***** Input data

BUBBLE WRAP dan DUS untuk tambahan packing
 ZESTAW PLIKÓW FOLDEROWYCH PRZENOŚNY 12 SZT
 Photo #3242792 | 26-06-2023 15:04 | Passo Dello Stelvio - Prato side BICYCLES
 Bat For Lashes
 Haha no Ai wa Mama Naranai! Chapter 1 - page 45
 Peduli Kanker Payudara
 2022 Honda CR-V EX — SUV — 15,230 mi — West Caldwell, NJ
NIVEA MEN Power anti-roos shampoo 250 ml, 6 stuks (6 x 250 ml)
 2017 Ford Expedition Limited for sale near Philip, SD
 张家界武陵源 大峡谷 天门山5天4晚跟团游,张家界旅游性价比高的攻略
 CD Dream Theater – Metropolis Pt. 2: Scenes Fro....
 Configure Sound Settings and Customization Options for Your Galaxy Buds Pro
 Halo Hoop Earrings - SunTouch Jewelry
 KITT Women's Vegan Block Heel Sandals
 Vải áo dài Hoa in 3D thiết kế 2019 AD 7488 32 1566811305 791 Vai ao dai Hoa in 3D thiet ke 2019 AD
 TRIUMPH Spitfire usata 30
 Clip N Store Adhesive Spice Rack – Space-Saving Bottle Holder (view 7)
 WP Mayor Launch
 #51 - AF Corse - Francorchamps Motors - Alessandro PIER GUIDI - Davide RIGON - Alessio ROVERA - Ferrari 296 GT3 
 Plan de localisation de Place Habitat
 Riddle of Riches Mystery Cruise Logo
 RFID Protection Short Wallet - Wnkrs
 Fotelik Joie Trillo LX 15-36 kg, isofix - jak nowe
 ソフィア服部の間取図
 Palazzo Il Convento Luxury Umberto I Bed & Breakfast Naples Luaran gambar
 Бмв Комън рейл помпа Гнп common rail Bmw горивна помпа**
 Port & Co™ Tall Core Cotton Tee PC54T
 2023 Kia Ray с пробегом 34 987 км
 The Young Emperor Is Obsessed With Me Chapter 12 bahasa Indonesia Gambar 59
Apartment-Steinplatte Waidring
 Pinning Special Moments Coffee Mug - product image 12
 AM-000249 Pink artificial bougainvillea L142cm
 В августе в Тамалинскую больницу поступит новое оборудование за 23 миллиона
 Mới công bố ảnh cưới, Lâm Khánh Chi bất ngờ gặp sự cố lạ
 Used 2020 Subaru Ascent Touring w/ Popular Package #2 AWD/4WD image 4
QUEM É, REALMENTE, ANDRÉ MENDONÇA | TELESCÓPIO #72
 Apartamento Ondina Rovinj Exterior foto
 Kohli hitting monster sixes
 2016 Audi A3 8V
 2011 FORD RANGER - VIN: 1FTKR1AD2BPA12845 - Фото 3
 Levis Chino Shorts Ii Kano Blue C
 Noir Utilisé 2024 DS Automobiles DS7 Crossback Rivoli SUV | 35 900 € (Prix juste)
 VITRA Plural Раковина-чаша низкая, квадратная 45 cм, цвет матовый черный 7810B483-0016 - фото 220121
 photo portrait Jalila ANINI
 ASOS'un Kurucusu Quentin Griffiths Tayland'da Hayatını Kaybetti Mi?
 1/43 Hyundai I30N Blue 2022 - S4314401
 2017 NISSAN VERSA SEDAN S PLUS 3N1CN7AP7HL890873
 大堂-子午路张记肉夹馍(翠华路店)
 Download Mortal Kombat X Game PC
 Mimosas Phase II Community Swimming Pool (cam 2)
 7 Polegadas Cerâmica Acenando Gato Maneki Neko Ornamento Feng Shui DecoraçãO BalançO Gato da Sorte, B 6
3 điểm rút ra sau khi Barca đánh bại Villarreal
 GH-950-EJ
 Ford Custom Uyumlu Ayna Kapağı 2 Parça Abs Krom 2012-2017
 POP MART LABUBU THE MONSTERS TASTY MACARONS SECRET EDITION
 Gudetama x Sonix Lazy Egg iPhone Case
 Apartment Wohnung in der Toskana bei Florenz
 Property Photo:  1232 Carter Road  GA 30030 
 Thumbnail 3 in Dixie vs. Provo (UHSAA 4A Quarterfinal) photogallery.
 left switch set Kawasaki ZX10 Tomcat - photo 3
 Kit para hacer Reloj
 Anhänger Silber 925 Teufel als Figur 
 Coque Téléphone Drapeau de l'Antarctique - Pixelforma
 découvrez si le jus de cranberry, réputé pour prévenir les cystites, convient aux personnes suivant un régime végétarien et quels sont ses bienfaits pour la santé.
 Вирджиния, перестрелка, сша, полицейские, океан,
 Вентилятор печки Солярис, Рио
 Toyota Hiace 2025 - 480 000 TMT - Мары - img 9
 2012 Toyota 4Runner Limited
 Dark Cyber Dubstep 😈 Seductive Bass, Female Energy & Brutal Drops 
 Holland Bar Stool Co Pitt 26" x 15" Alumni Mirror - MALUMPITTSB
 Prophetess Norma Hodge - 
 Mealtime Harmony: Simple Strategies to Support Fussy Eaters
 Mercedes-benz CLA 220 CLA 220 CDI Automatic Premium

**********

* [Brief]
Give back, unchanged, the run of lines in the listing above that begins at the line containing "Бмв Комън рейл" and ends at the line containing "Kit para hacer Reloj", both included.

* [Written solution]
 Бмв Комън рейл помпа Гнп common rail Bmw горивна помпа**
 Port & Co™ Tall Core Cotton Tee PC54T
 2023 Kia Ray с пробегом 34 987 км
 The Young Emperor Is Obsessed With Me Chapter 12 bahasa Indonesia Gambar 59
Apartment-Steinplatte Waidring
 Pinning Special Moments Coffee Mug - product image 12
 AM-000249 Pink artificial bougainvillea L142cm
 В августе в Тамалинскую больницу поступит новое оборудование за 23 миллиона
 Mới công bố ảnh cưới, Lâm Khánh Chi bất ngờ gặp sự cố lạ
 Used 2020 Subaru Ascent Touring w/ Popular Package #2 AWD/4WD image 4
QUEM É, REALMENTE, ANDRÉ MENDONÇA | TELESCÓPIO #72
 Apartamento Ondina Rovinj Exterior foto
 Kohli hitting monster sixes
 2016 Audi A3 8V
 2011 FORD RANGER - VIN: 1FTKR1AD2BPA12845 - Фото 3
 Levis Chino Shorts Ii Kano Blue C
 Noir Utilisé 2024 DS Automobiles DS7 Crossback Rivoli SUV | 35 900 € (Prix juste)
 VITRA Plural Раковина-чаша низкая, квадратная 45 cм, цвет матовый черный 7810B483-0016 - фото 220121
 photo portrait Jalila ANINI
 ASOS'un Kurucusu Quentin Griffiths Tayland'da Hayatını Kaybetti Mi?
 1/43 Hyundai I30N Blue 2022 - S4314401
 2017 NISSAN VERSA SEDAN S PLUS 3N1CN7AP7HL890873
 大堂-子午路张记肉夹馍(翠华路店)
 Download Mortal Kombat X Game PC
 Mimosas Phase II Community Swimming Pool (cam 2)
 7 Polegadas Cerâmica Acenando Gato Maneki Neko Ornamento Feng Shui DecoraçãO BalançO Gato da Sorte, B 6
3 điểm rút ra sau khi Barca đánh bại Villarreal
 GH-950-EJ
 Ford Custom Uyumlu Ayna Kapağı 2 Parça Abs Krom 2012-2017
 POP MART LABUBU THE MONSTERS TASTY MACARONS SECRET EDITION
 Gudetama x Sonix Lazy Egg iPhone Case
 Apartment Wohnung in der Toskana bei Florenz
 Property Photo:  1232 Carter Road  GA 30030 
 Thumbnail 3 in Dixie vs. Provo (UHSAA 4A Quarterfinal) photogallery.
 left switch set Kawasaki ZX10 Tomcat - photo 3
 Kit para hacer Reloj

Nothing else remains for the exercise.